→ **Task details**
Restate every record word for word, without the pictures.

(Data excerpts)
********************

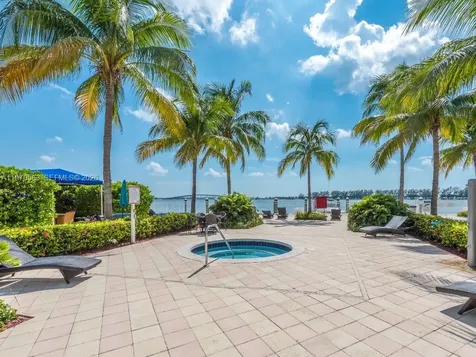 2101 Brickell Avenue Miami FL 33129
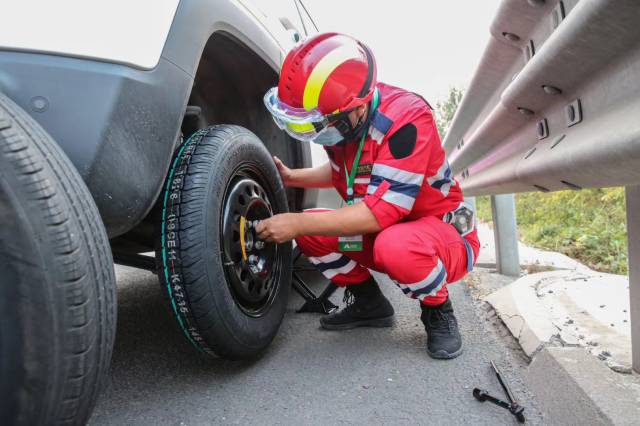 高速公路临沂段免费通行200.7万车次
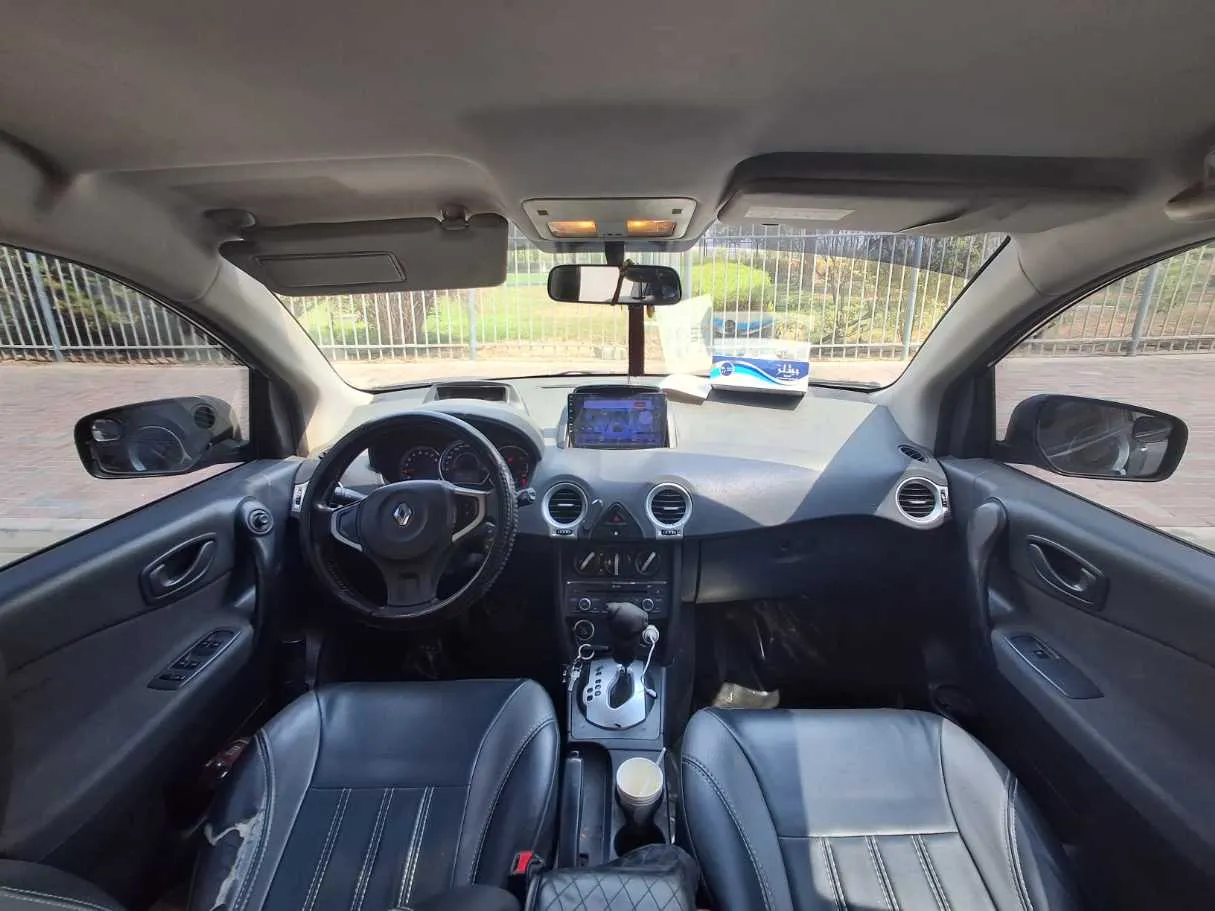 Car image 14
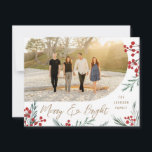 Arch Winter Botanicals Foto Weihnachten<br><div class="desc">Mit unseren handbemalten Winterbeeren und Blattwerk, bearbeitbaren Pinselskriptgrüssen und einem Arkadenmotiv aus dem Foto. Auf der Kartenrückseite befindet sich ein passendes Muster und ein Platz für ein zusätzliches Foto und einen benutzerdefinierten Text. Gewollt, um noch mehr anpassen? Klicken Sie auf "Bearbeiten mit dem Entwurfswerkzeug". Viel Spaß beim Umziehen der Kunstwerke,...</div>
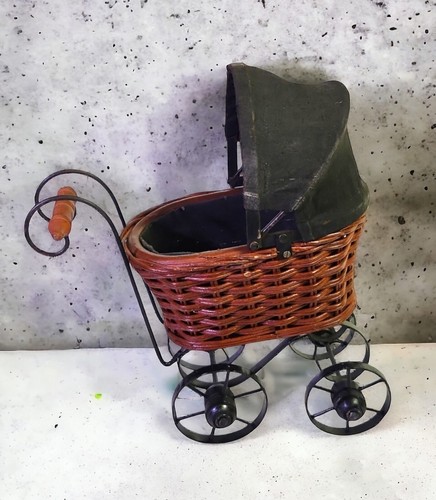 Wicker baby doll - pram, carriage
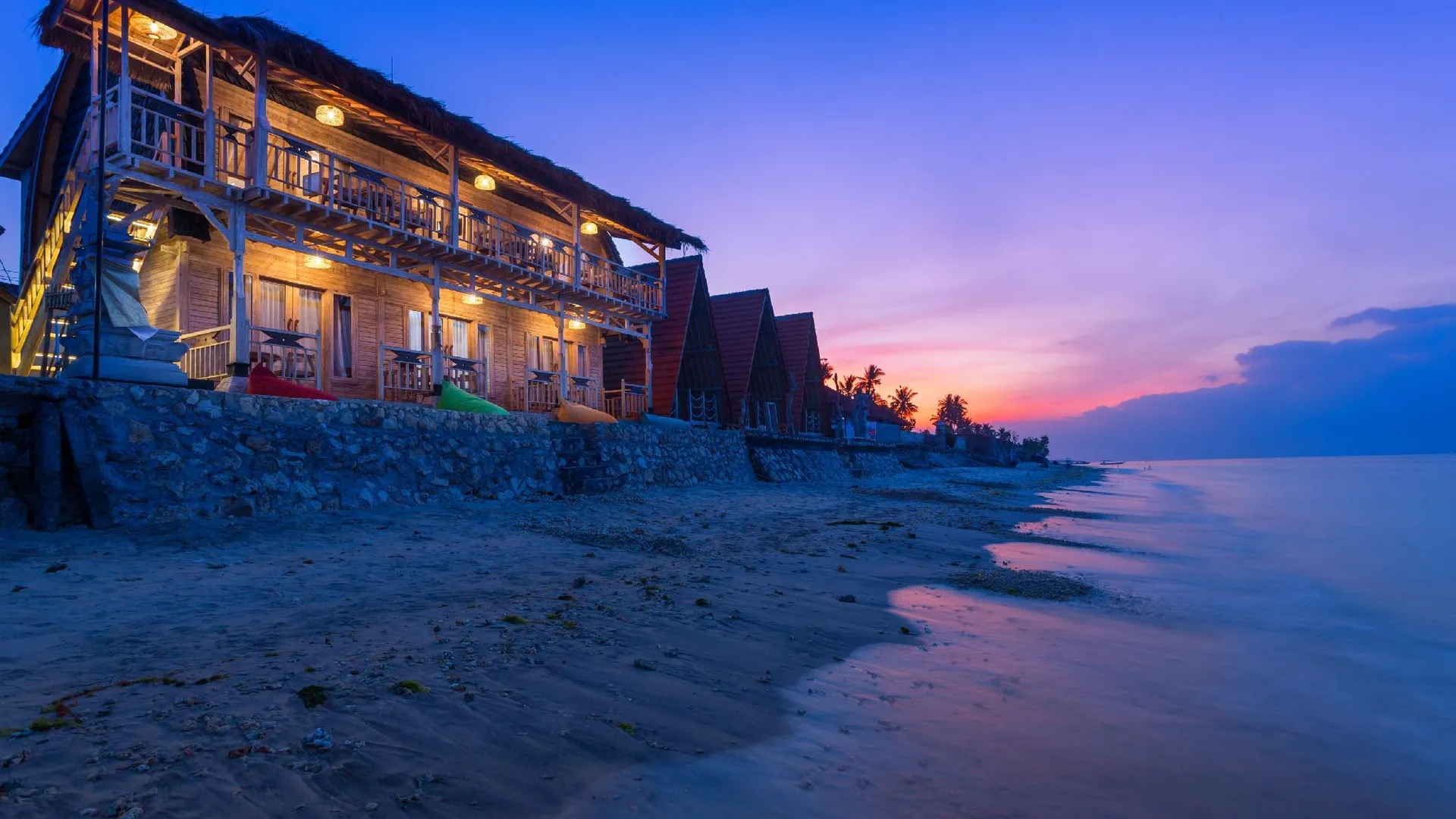 발리 더 드위 선 선 스위트 호텔 외관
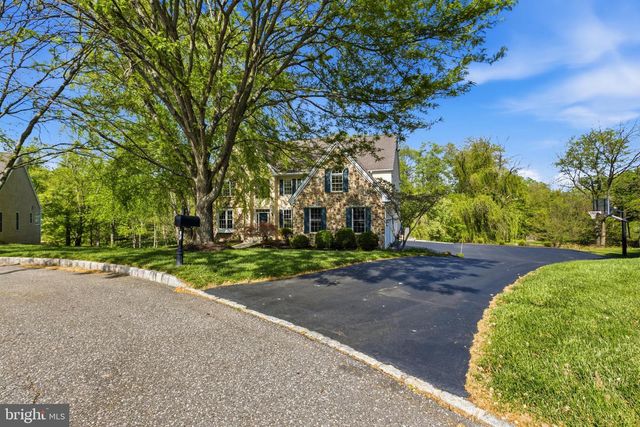 19 W BRANCH LN, West Chester, PA 19382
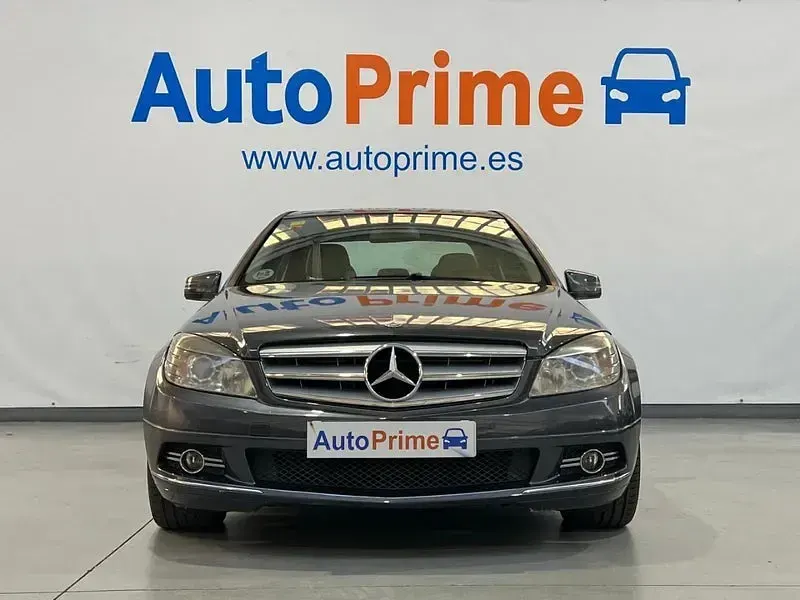 Usado Mercedes C200 Elegance 136 CV (100 kW) 2009 Azul Berlina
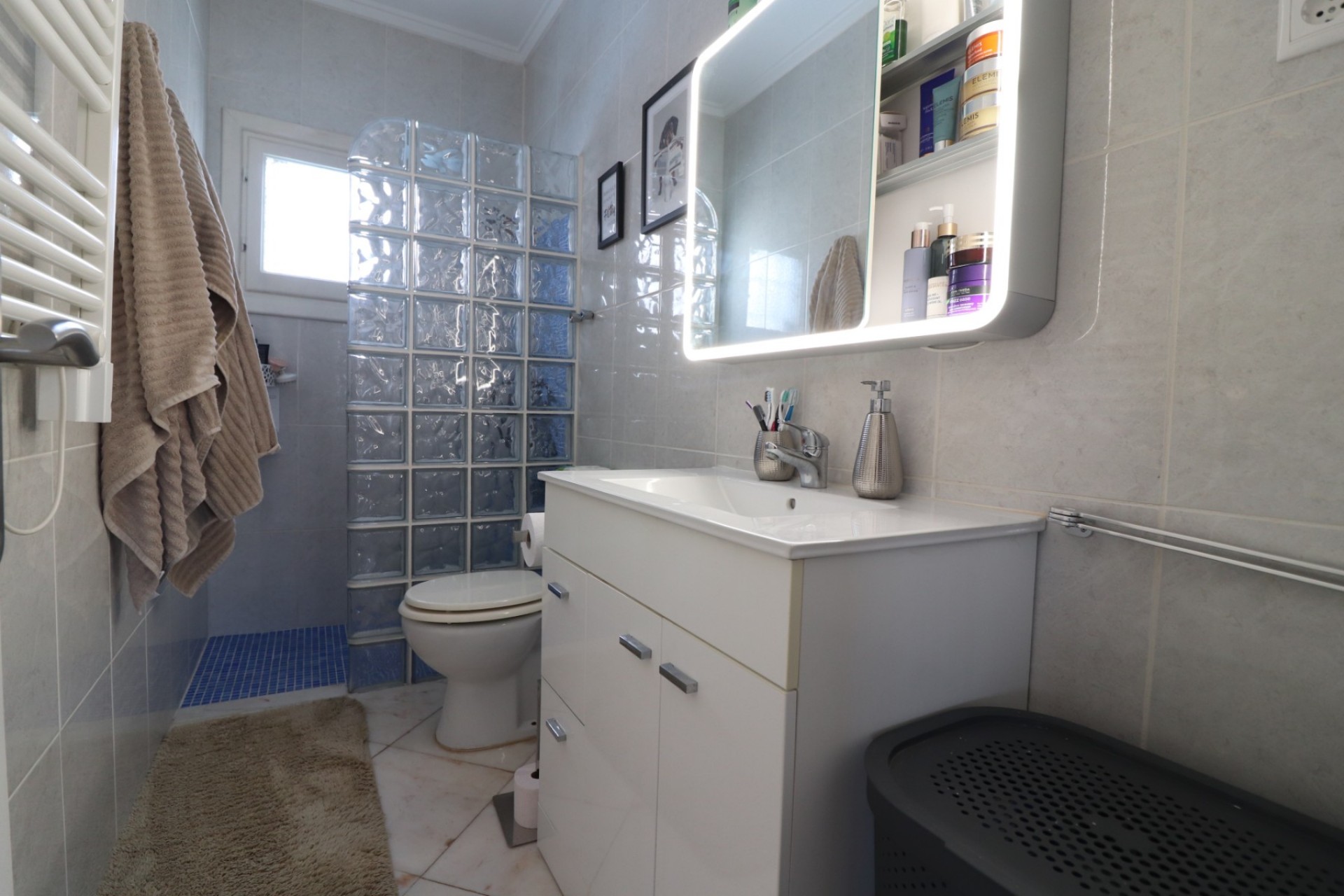 Videresalg - Frittliggende Villa - Orihuela Costa - Villamartin
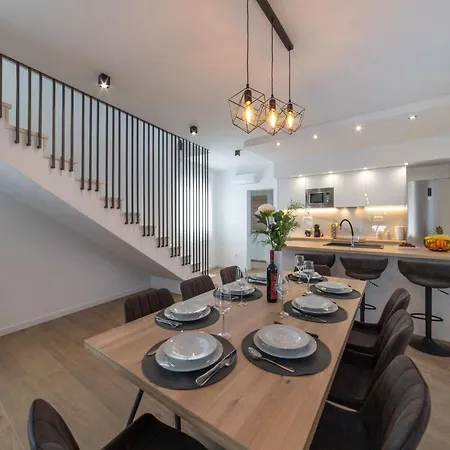 Luxury Luna * Kastela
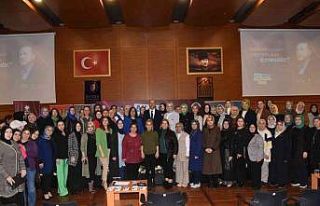 ‘Siyaset Akademisi Kadın’ programında ilk ders...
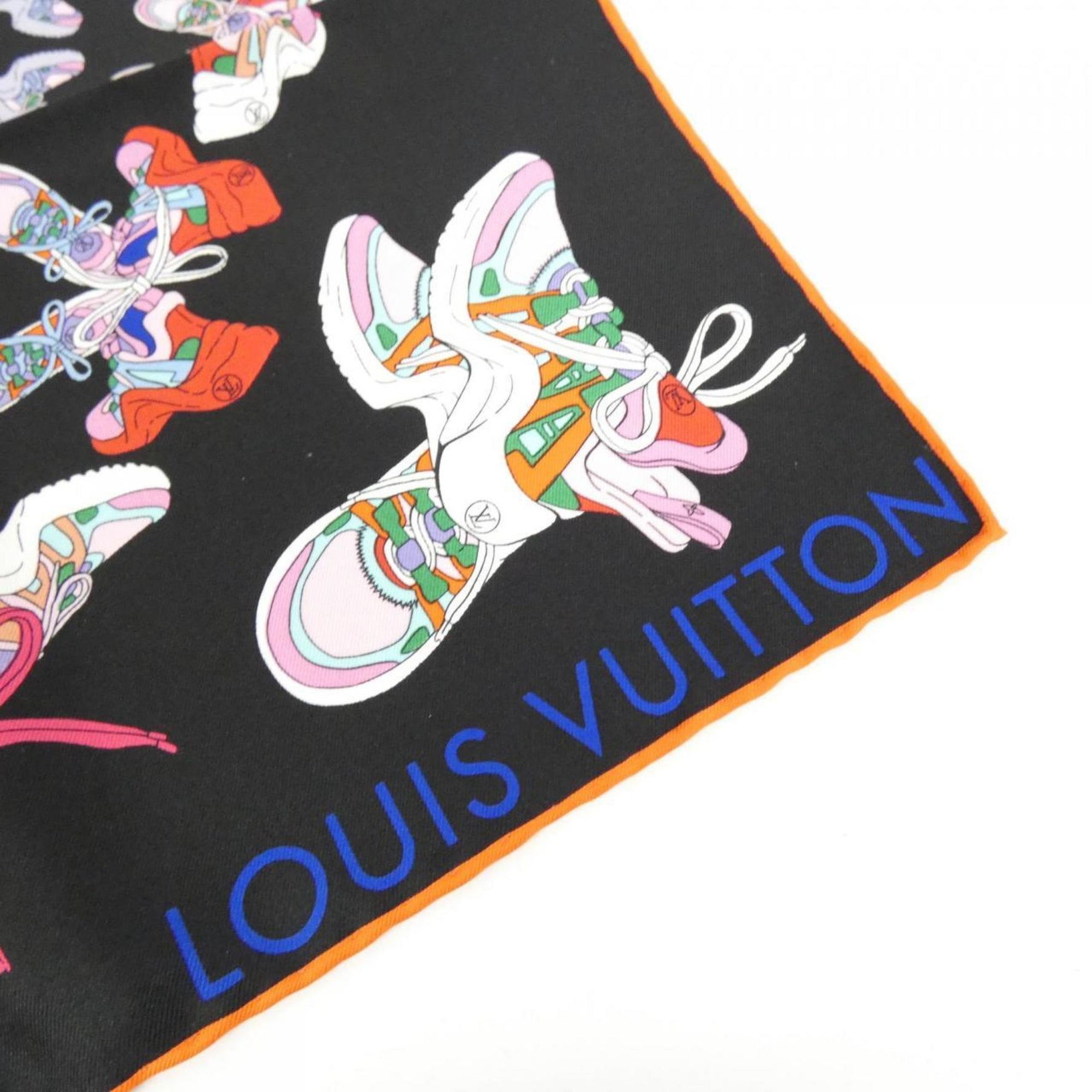 Louis Vuitton Carre Arclight M76149 Scarf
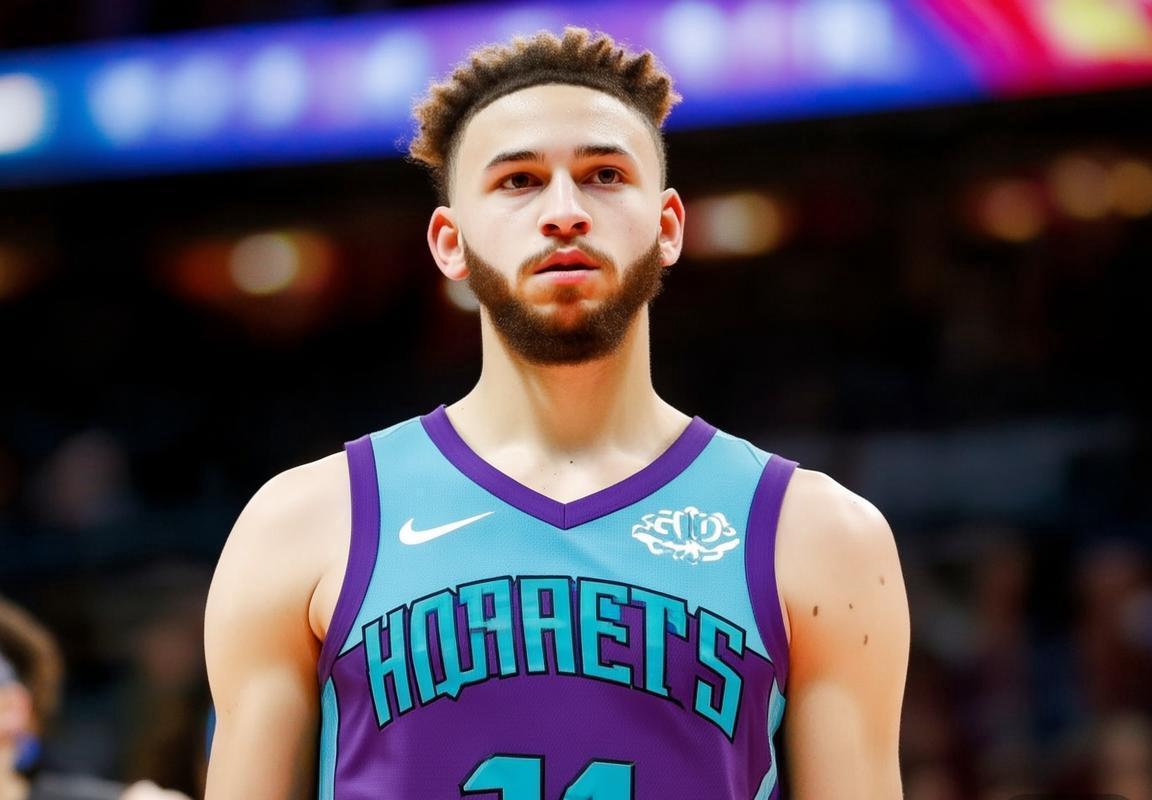 夏洛特黄蜂VS亚特兰大老鹰NBA常规赛前瞻：东南赛区对决，拉梅洛-鲍尔率队主场争胜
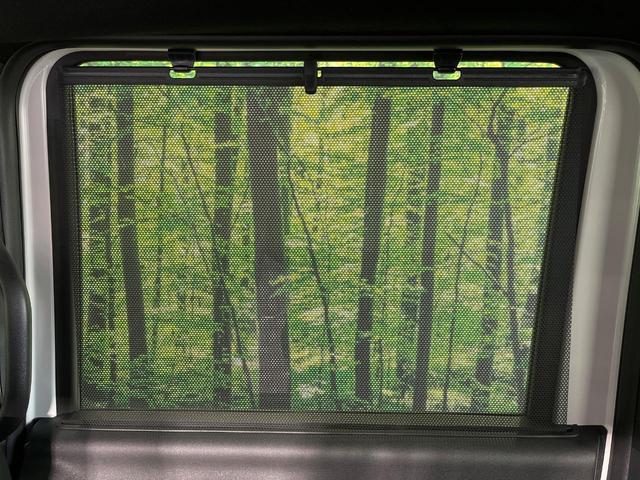 Ｎ－ＢＯＸカスタム ベースグレード　届出済未使用車　両側パワースライドドア　ホンダセンシング　アダプティブクルコン　前席シートヒーター　ＬＥＤランプ　オートライト　オートエアコン　スマートキー　ロールサンシェード　シートバックテーブル（8枚目）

********************

→ **Finished task**
 2101 Brickell Avenue Miami FL 33129
 高速公路临沂段免费通行200.7万车次
 Car image 14
 Arch Winter Botanicals Foto Weihnachten<br><div class="desc">Mit unseren handbemalten Winterbeeren und Blattwerk, bearbeitbaren Pinselskriptgrüssen und einem Arkadenmotiv aus dem Foto. Auf der Kartenrückseite befindet sich ein passendes Muster und ein Platz für ein zusätzliches Foto und einen benutzerdefinierten Text. Gewollt, um noch mehr anpassen? Klicken Sie auf "Bearbeiten mit dem Entwurfswerkzeug". Viel Spaß beim Umziehen der Kunstwerke,...</div>
 Wicker baby doll - pram, carriage
 발리 더 드위 선 선 스위트 호텔 외관
 19 W BRANCH LN, West Chester, PA 19382
 Usado Mercedes C200 Elegance 136 CV (100 kW) 2009 Azul Berlina
 Videresalg - Frittliggende Villa - Orihuela Costa - Villamartin
 Luxury Luna * Kastela
 ‘Siyaset Akademisi Kadın’ programında ilk ders...
 Louis Vuitton Carre Arclight M76149 Scarf
 夏洛特黄蜂VS亚特兰大老鹰NBA常规赛前瞻：东南赛区对决，拉梅洛-鲍尔率队主场争胜
 Ｎ－ＢＯＸカスタム ベースグレード　届出済未使用車　両側パワースライドドア　ホンダセンシング　アダプティブクルコン　前席シートヒーター　ＬＥＤランプ　オートライト　オートエアコン　スマートキー　ロールサンシェード　シートバックテーブル（8枚目）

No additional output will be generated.